E io credo che l’imbarbarimento culturale del dibattito di questi giorni e la stessa vicenda di cui si è tanto dibattuto abbia molto a che fare con la deresponsabilizzazione della società.
Siamo sempre più connessi ma siamo sempre più soli. Siamo sempre più vicini ma siamo sempre più distanti, alienati quasi. Assistiamo impassibili a forme di violenza e prevaricazione, in ogni sua declinazione: sessismo, razzismo, omofobia. Avrete visto i video degli esperimenti sociali che si fanno per le nostre città, in cui la violenza verbale o anche fisica tra le più violenta in 9 casi su dieci incontra esclusivamente l’indifferenza.
Questo per dire che a mio parere, la soluzione al degrado non è invocare la sicurezza.
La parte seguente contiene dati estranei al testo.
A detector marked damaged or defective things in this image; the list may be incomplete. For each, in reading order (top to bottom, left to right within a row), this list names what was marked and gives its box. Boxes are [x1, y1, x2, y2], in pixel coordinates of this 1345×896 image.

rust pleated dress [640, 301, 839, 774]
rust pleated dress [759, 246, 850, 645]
La soluzione alle tossicodipendenze non è allontanare il tossico e marginalizzarlo. Forse così non lo vedremo più sotto casa nostra, ma non è che se abbiamo un bel centro spostiamo i problemi in periferia o magari fuori dalla città con un bel daspo urbano allora smettono di esistere. Esistono, e noi non abbiamo fatto nulla perché cessassero, semplicemente ce ne siamo lavato le mani. Ma noi abbiamo il dovere di rappresentare tutti, non solo “i giusti” “i degni” “i buoni”.
E lo voglio dire chiaramente: le istituzioni, l’università, le articolazioni di sicurezza dello Stato, dovrebbero invece rappresentarmi. E vorrei separare le opinioni sul caso specifico dei tornelli e dell’apertura, tutte legittime, da un fatto: mentre una protesta, i suoi motivi fondanti, le sue modalità mi possono rappresentare, come possono non farlo, mi possono appartenere, come possono non farlo, le istituzioni invece mi devono rappresentare, e come me devono rappresentare tutti. Per questo motivo credo non ci si possa esimere dal dire che l’immagine inedita della celere in tenuta antisommossa in una biblioteca contro dei ragazzi non armati sia da condannare fermamente.
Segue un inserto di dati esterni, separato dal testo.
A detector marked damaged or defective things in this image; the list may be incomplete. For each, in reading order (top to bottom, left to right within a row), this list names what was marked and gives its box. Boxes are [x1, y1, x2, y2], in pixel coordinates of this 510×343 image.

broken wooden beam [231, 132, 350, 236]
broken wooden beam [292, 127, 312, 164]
La violenza incita la violenza, il non rispetto incita il non rispetto, ha detto qualcuno recentemente. Non si può decidere che Piazza Verdi è la zona di nessuno, il far west in cui tutto è concesso e tutto succede davanti agli occhi delle forze dell’ordine, e come idea di sicurezza manganellare degli studenti, dei ragazzi non armati nelle aula di uno spazio che dovrebbe essere sacro e intoccabile e sì, di tutti. Perché l’università pubblica si paga sì con le rette ma anche, anzi per l’80 percento, con le tasse dei cittadini.
Il fatto che le organizzazioni degli studenti antagonisti possano avere posizioni settarie è un fatto senza tempo ma non cambia la sostanza del degrado di classe che viene imposto da decenni all’Università. Una protesta può essere più o meno condivisa, soprattutto perché il suo esito è di dividere gli studenti. Ma non posso essere favorevole all’istituzionalizzazione della violenza. Voglio esprimere la mia solidarietà ai lavoratori e alle lavoratrici della biblioteca, delle studentesse e degli studenti colpiti negli scontri, di tutti coloro che hanno vissuto situazioni spiacevoli al 36.
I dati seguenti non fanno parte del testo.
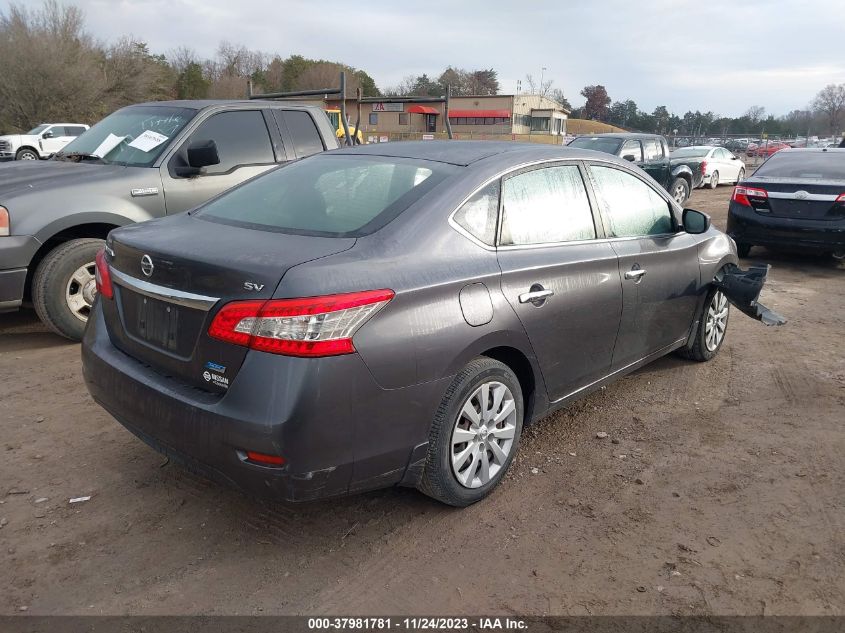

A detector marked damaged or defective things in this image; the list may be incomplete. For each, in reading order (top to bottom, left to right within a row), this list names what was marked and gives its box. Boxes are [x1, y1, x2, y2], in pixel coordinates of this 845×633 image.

damaged rear bumper [716, 262, 788, 326]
Pagate il prezzo del fallimento di noi tutti, società e istituzioni.
Spero potremo essere capaci di prendere in mano la nostra vita e la nostra città. Occupiamoci dei nostri spazi, popoliamoli, viviamoli, denunciamo gli episodi di violenza, agiamo attivamente quando li vediamo con i nostri occhi.
Vi prego, cittadini, colleghi, autorità. Nell’epoca della crisi dei corpi intermedi e della rappresentanza, non possiamo più tacere. Abbiamo un dovere, civico: parlare di zona universitaria, tutti insieme, coinvolgendo ogni soggetto. Non si può sedare una protesta con i manganelli, come non si può stigmatizzare un punto di vista diverso dal nostro. L’abbiamo chiesto qui più volte con vari ordini del giorno bocciati, ma torno a ripeterlo: apriamo un ragionamento condiviso. È fondamentale aprire un vero percorso partecipativo che permetta una vera e proficua interlocuzione tra coloro che animano la zona universitaria.